Última actualización: 29 de diciembre de 2021

La gente que se acerca a los 90 años es peligrosa. Ya no puedes amenazarlos con nada. Se les considera, con razón, incognoscibles (o ya no incognoscibles), y por ello sus declaraciones públicas suelen resultar incómodas.

Didi Hallervorden tiene 86 años y es evidente que es joven de corazón. Puede permitirse decir lo que piensa en todos los sentidos. Un editor del "Berliner Morgenpost" también lo experimentó cuando le preguntó:

“En este momento te opones a cambios sociales como el género, que te parecen absurdos…”

La respuesta de Hallervorden a esto se puede enmarcar:

Con tanta 'corrección política', ya no sé qué eslalon verbal debo sortear para evitar con destreza todos los obstáculos.
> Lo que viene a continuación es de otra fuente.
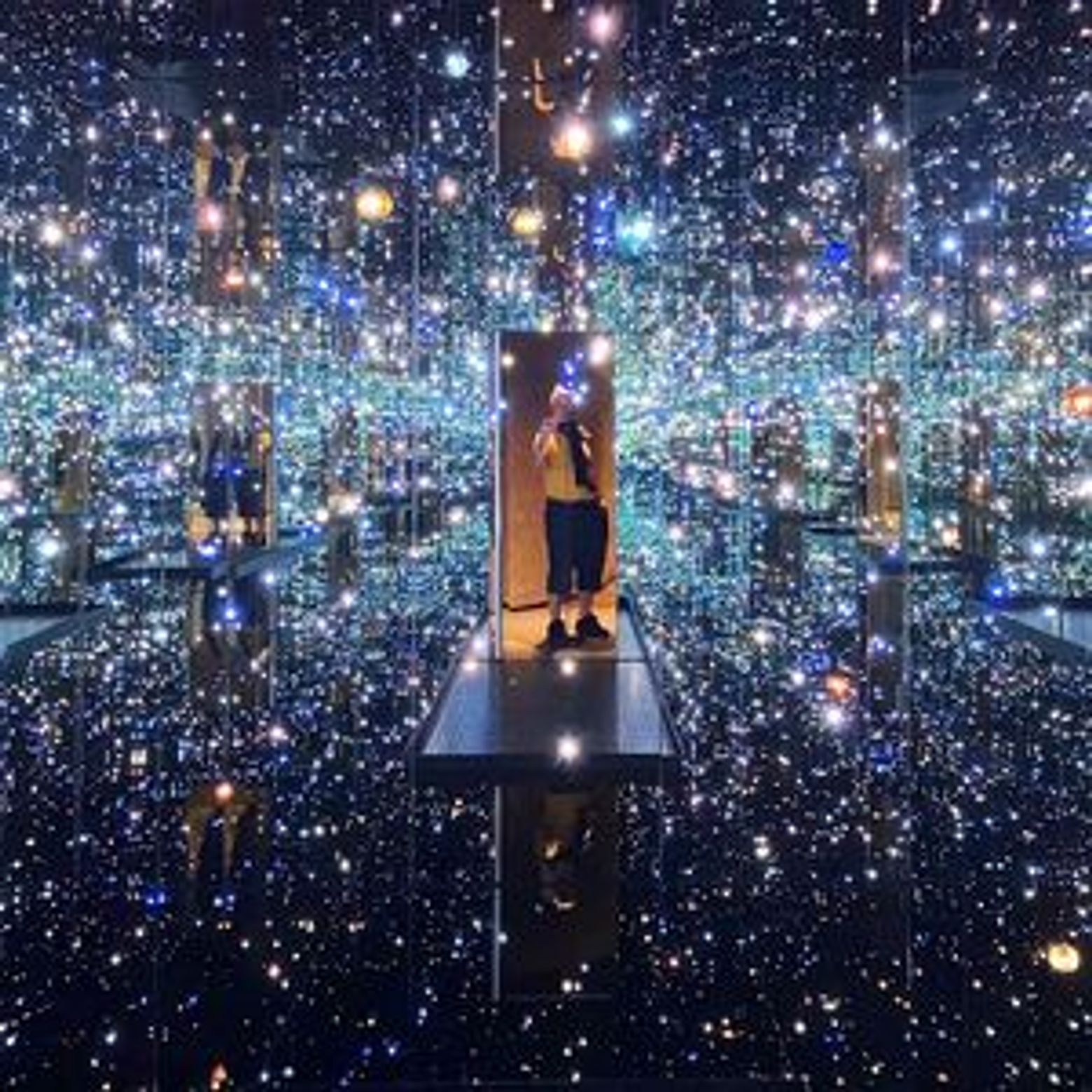 Los Angeles: Downtown Odyssey Audio Tour - photo 3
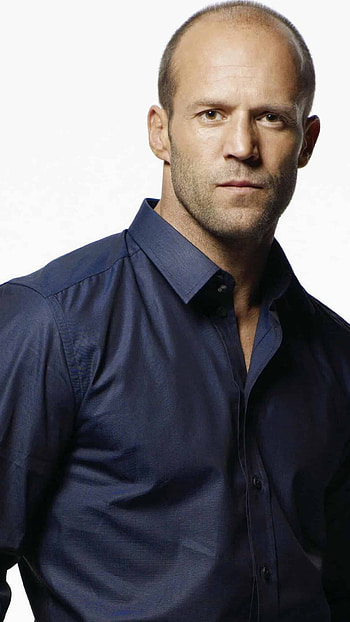 Snatch movie, Jason Statham's charisma, Ultra , Action-packed shots HD phone wallpaper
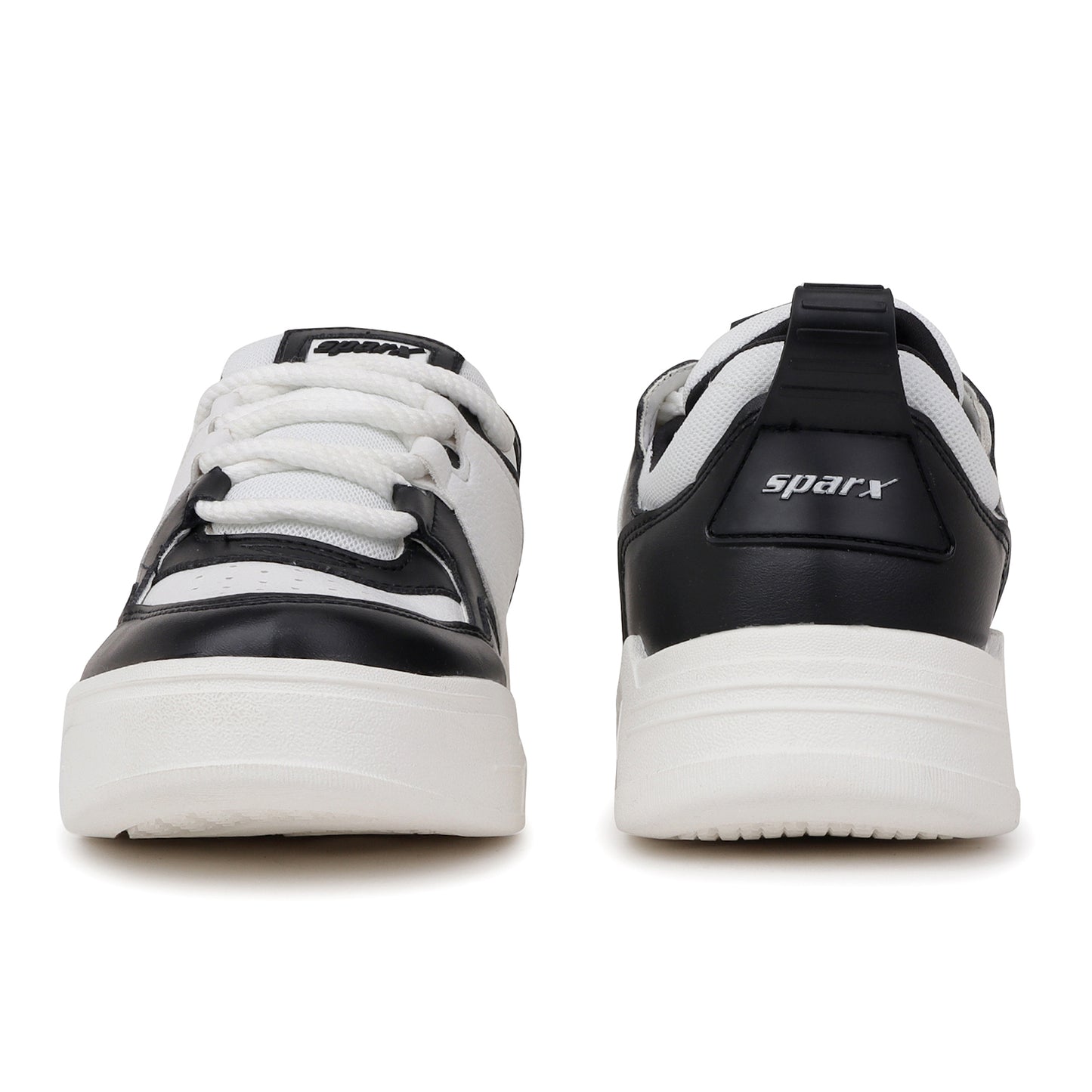 Sneakers for Men SM 9066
En cuanto a este lenguaje indescriptible basado en el género: ¿Cómo llega una minoría con motivaciones políticas a querer dictarle a una mayoría cómo debemos expresarnos en el futuro? El alemán, como patrimonio cultural, nos pertenece a todos. Nadie tiene derecho a manipularlo. El lenguaje se desarrolla por sí solo, no bajo presión superior. El lenguaje basado en el género es, como dijo un sabio anciano como Joachim Gauck, 'un discurso asistido'. Yo, y muchos como yo, no necesitamos educación en sensibilidad.

Estas pocas frases contienen un análisis sorprendentemente preciso de la situación política actual. La "minoría políticamente motivada" está llevando a Alemania de una debacle a otra. Sin duda, tienen todo el derecho a sentirse engañados y, evidentemente, han fracasado en su astuto intento de presentarse como representantes de una opinión mayoritaria estilizada.

Y hay otra frase en esta entrevista que vale la pena considerar a largo plazo, concretamente la penúltima:

“Persigo mis objetivos tenazmente contra viento y marea y sin rendirme nunca”.

No hay otra manera. El goteo constante desgasta la piedra.

Foto de arriba: Didi Hallervorden (86) todavía disfruta de los grandes escenarios. Y allí actúa con seguridad, afirmando: "Hallervorden es lo máximo".